La culpa nos golpea en el rostro
como el aleteo de un ave. Nos deja parapléjicamente atado observando todo lo
que sucede frente a nosotros. La contemplación es un delirio, como el
sueño recurrente del que está despierto
y no puede mover su cuerpo. Es un sentimiento de espanto como el grito: la
imagen más silenciosa y castrada de la época moderna, el sinónimo irrenunciable
de nuestra sociedad actual. Permítanme decir, con la cautela de los
ruiseñores, que nos encontramos inmersos,
por causa de esta culpa, en el jardín de
los laberintos donde cada individuo busca la salida por si solo. Es un jardín tupido, un bosque de pinos donde la luz
del sol le resulta impenetrable llegar. Estamos a oscuras palpando el camino.

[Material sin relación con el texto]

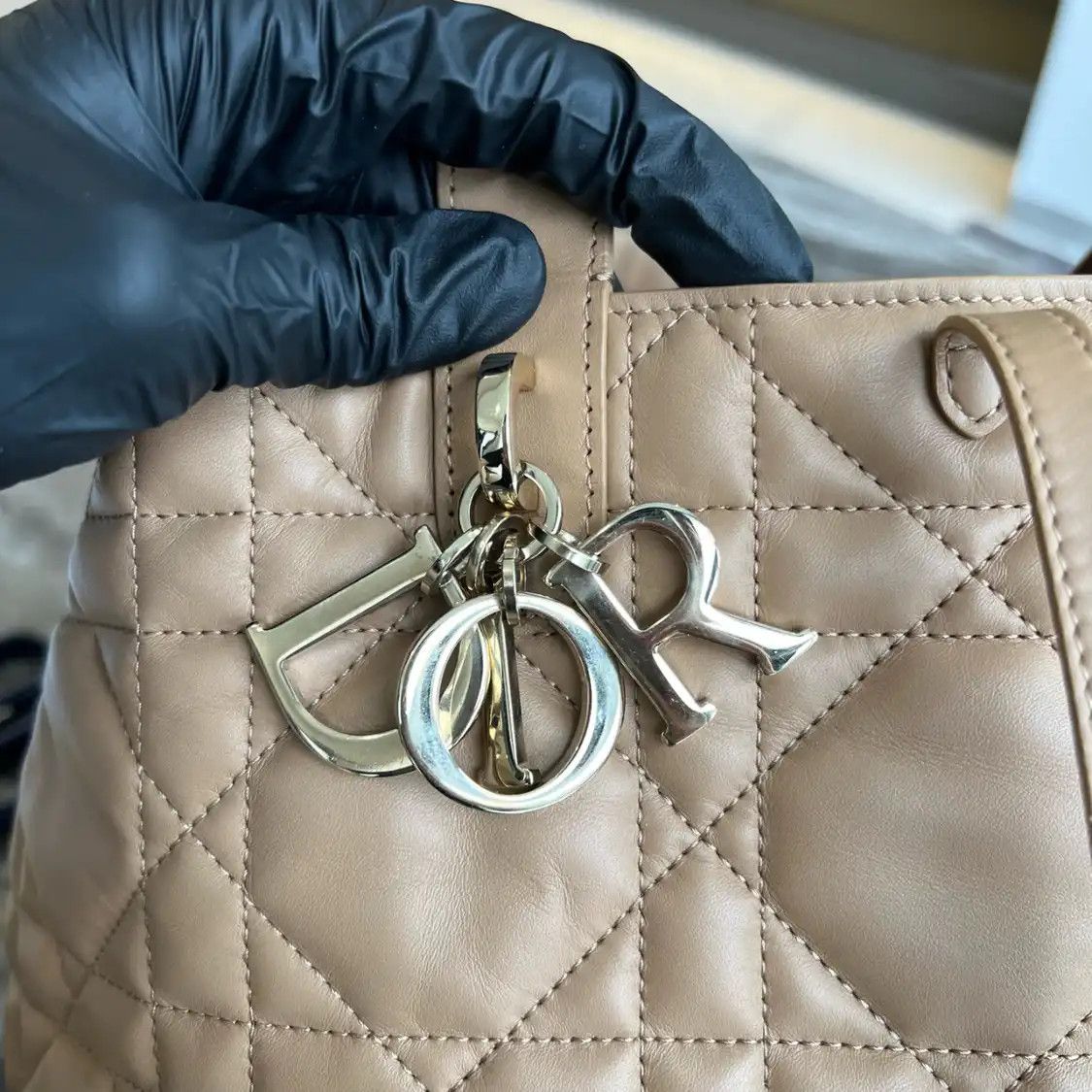 Dior DIOR Toujours Medium gold cowhide leather rattan plaid quilted handbag Size ONE SIZE - 11 Thumbnail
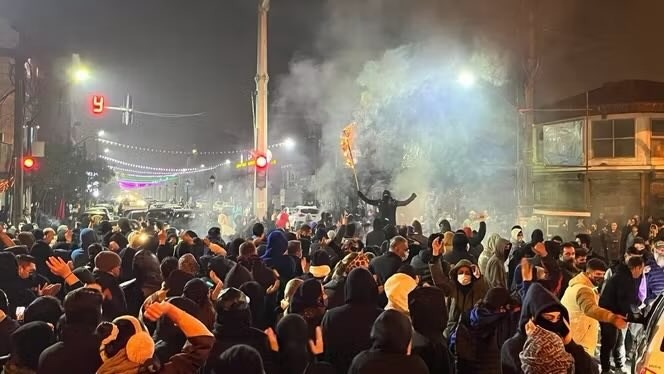 Numri i viktimave në Iran po rritet  SHBA të po shqyrtojnë një sulm    Ata vrasin njerëz dhe djegin xhami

En tiempo de verdades atomizadas, de sentimientos acongojados, de cabezas
aniquiladas, de muertos que aún nos siguen penando, pareciera que seguimos
dando vuelta en círculos, llegando al mismo lugar para tropezar con el mismo
muro, que no es el de los lamentos, sino que el de la desesperanza que corroe
la actividad reflexiva del sometimiento a nuevos ejercicios, a la praxis de
nuevos paradigmas que busquen reorientar nuestro camino.